Signed-off-by: Shakeel Butt <[email protected]>
---
Changes since v1:
- None
tools/testing/selftests/cgroup/cgroup_util.c | 15 +++-
tools/testing/selftests/cgroup/cgroup_util.h | 1 +
.../selftests/cgroup/test_memcontrol.c | 78 +++++++++++++++++++
3 files changed, 91 insertions(+), 3 deletions(-)

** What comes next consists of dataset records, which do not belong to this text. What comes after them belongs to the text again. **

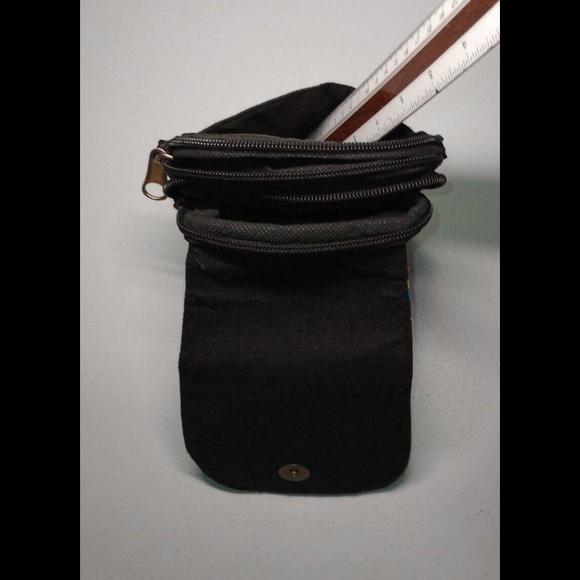 Embroidered Floral & Butterfly Zipper Pocket Black Magnetic Clasp Purse Wallet - Picture 4 of 4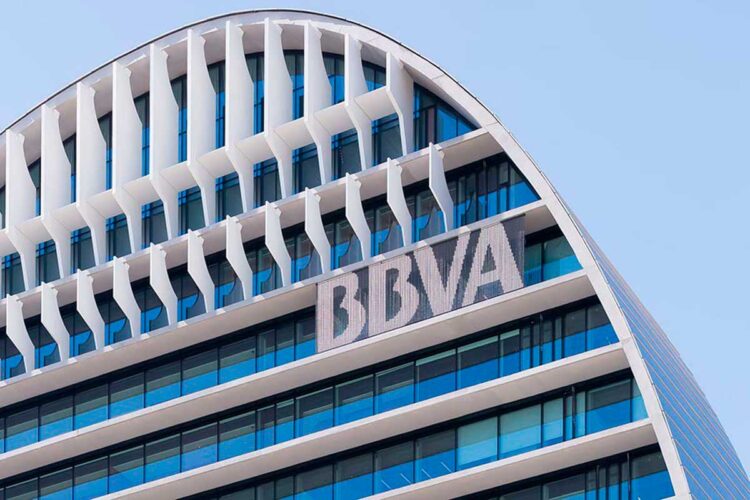 Beneficio del BBVA en fuerte alza en el primer semestre, gracias a nuevos clientes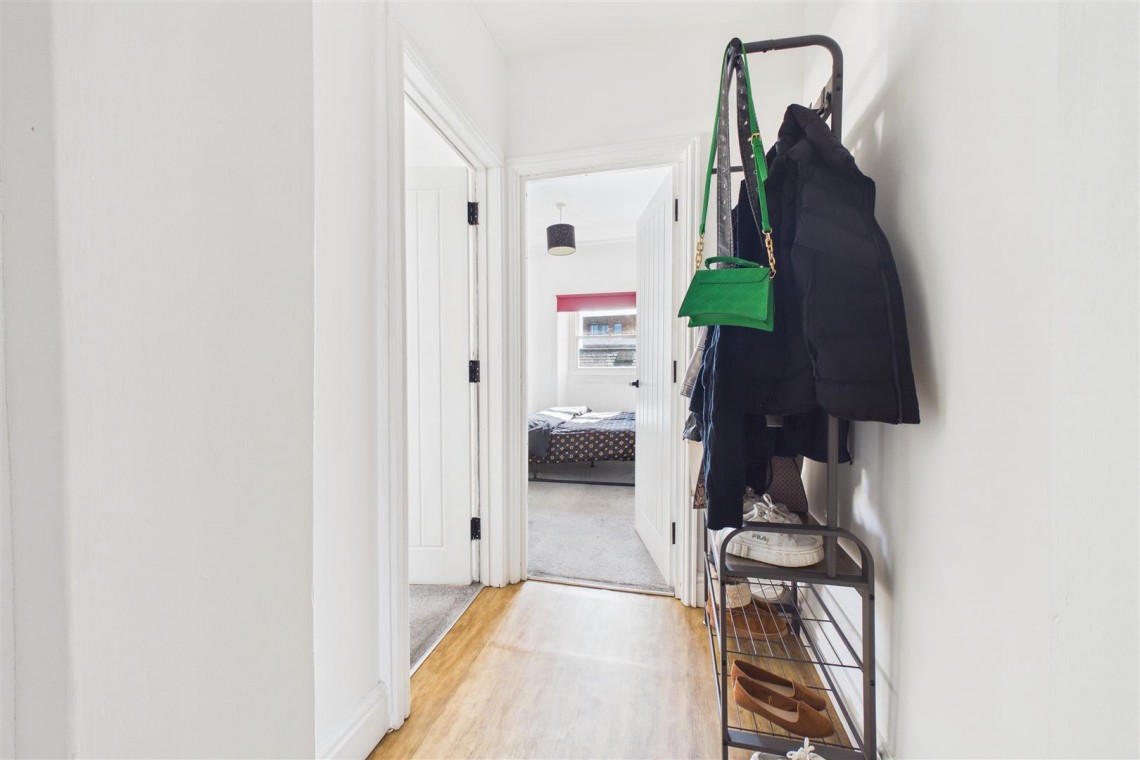 Images for FREEHOLD BLOCK OF 3 FLATS | GL1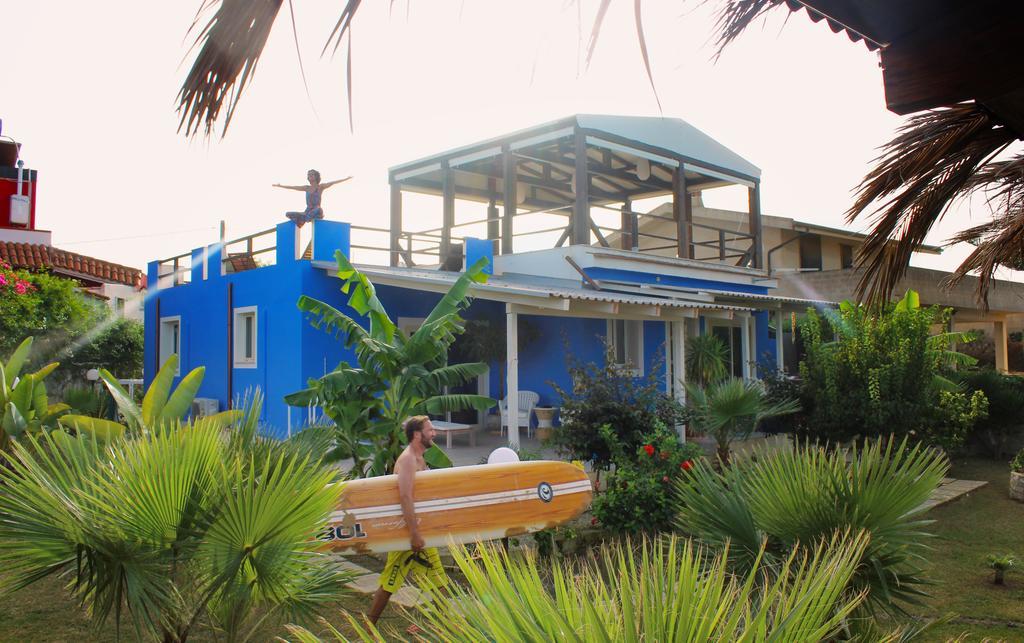 Floripa Surf House Bed & Breakfast Santa Maria Del Focallo Luaran gambar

diff --git a/tools/testing/selftests/cgroup/cgroup_util.c b/tools/testing/selftests/cgroup/cgroup_util.c
index 0cf7e90c0052..dbaa7aabbb4a 100644
--- a/tools/testing/selftests/cgroup/cgroup_util.c
+++ b/tools/testing/selftests/cgroup/cgroup_util.c
@@ -583,7 +583,7 @@ int clone_into_cgroup_run_wait(const char *cgroup)
return 0;
}
-int cg_prepare_for_wait(const char *cgroup)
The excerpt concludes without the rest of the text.